Vegan burritos and french toast were served while we all shared about the type of negative voices we hear — the sounds, the context, the volume. I said the voice is usually mine, but the loudest is not. Cameron pressed me on who that voice was, and I said it was very pathetic, but an NPR reporter once irritated me, and I have never fully gotten over it.
I gave a brief synopsis: the reporter was fact-checking a story about Gawker, and after he was grilling me, he lazily ended the call with a half-hearted, "So what are you up to now?" At the time, I'd just had my first child with Julieanne (whom he knew and liked), and when I shared this happy news, he sounded deeply dismayed and disapproving.

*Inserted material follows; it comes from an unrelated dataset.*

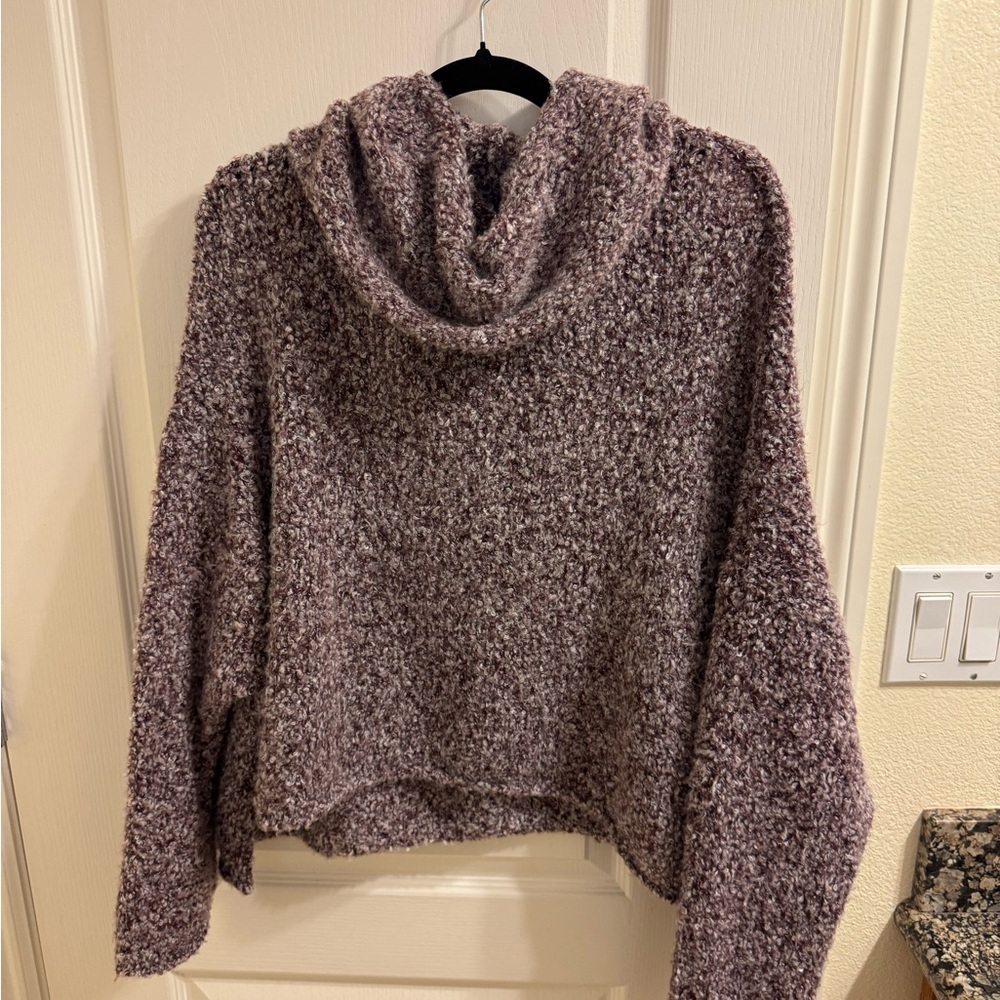 purple knit sweater from free people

He quickly ended the phone call, and before he hung up, he said, "Take care of that baby!"
I knew his only frame of reference for me was the public one associated with that dumb trial. I bet he thought that since he was a serious reporter, he was very adept at assessing a person's character, and mine, in his opinion, was dreadful. He’d written about me several times, and, in his opinion, that dreadful person was never allowed to procreate or be loved by anyone. Otherwise, that would require completely reshaping his version of me, which he had presented to the world as fact. I was sure he thought — knew, even — I wasn't equipped to be a decent father, one who changed diapers or sang silly songs or whose heart was big enough and unselfish enough to care for a baby responsibly. He was a father — a good father, nobly equipped to nurture and love — and I was never going to be the type of father he was.

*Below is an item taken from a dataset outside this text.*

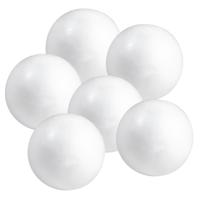 Piepschuim bol/bal - 6x - wit - D15 cm - styropor - hobby figuren - DIY - knutselen Piepschuim bol/bal - 6x - wit - D15 cm - styropor - hobby figuren - DIY - knutselen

Today, right this minute, if I think about his tone for too long, it makes me positively murderous, even though after I tell this story, most people crack up and say, "That guy??? He's your tormentor???" And, okay, fair enough — it is a little ridiculous, even made more so by the fact that I'm reasonably sure he has never spent one minute thinking about this since it happened.
Cameron said he had voices like that, mostly ex-wives and girlfriends, but his Higher Power tends to intervene before it gets too noisy.

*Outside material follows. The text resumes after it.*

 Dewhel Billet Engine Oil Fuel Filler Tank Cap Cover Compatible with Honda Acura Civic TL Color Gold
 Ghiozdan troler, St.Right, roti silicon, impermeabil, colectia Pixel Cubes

"How did his tone make you feel?"
I drank my coffee and stared into the almost empty cup.
"He made me feel small, incompetent — subhuman."
The conversation at the breakfast table shifted to movies — which of the nominated had we loved and which we did not. I had a short list I was lukewarm about, but the one I loved the most this year — "Challengers" —wasn't even nominated.
Cameron said "The Last Showgirl" with Pamela Anderson was at the top of his list and that she was incredible in it.
"Did I ever tell you my Pamela Anderson story?" I asked.
In 2007, I did some freelance work for the New York Post. One of my early assignments was talking to Pamela Anderson about her novel, "Star Struck," a paper-thin fictionalized love story about her and Tommy Lee.
We began the conversation about her book, but then we stopped talking about the book. She began to share her annoyance about how she was portrayed in the media but was not self-pitying, mostly defiant. Guards came down; my recorder clicked off. Then she asked about me, my own life, if I was married, had kids, and if I wanted to write books or do something else entirely. During our 45-minute interview, a familiarity and tenderness grew between us that felt built over a lifetime.
Since she was calling me from her cell while driving through the winding, wind-swept roads of Laurel Canyon, the line kept dropping out — but she called back several times, apologizing and urging me to continue. And the final time she called back, she said, 'Hey, Age. It's me.'
My best friends in high school used to call me ‘Age’, and some people have called me that here and there but not enough in the 30 years since high school. ‘Age’ always injects me with a genuine comfort and trust that is absent most days. And the way Pamela Anderson said it still rings in my heart.
"I have never forgotten how lovely she was," I said. Cameron smiled at me.
"I think from here on out, maybe you should make Pamela Anderson the voice in your head as much as you can."
My mind was blown. I ordered more coffee. — AJD
So that’s what is up with me — now how are you?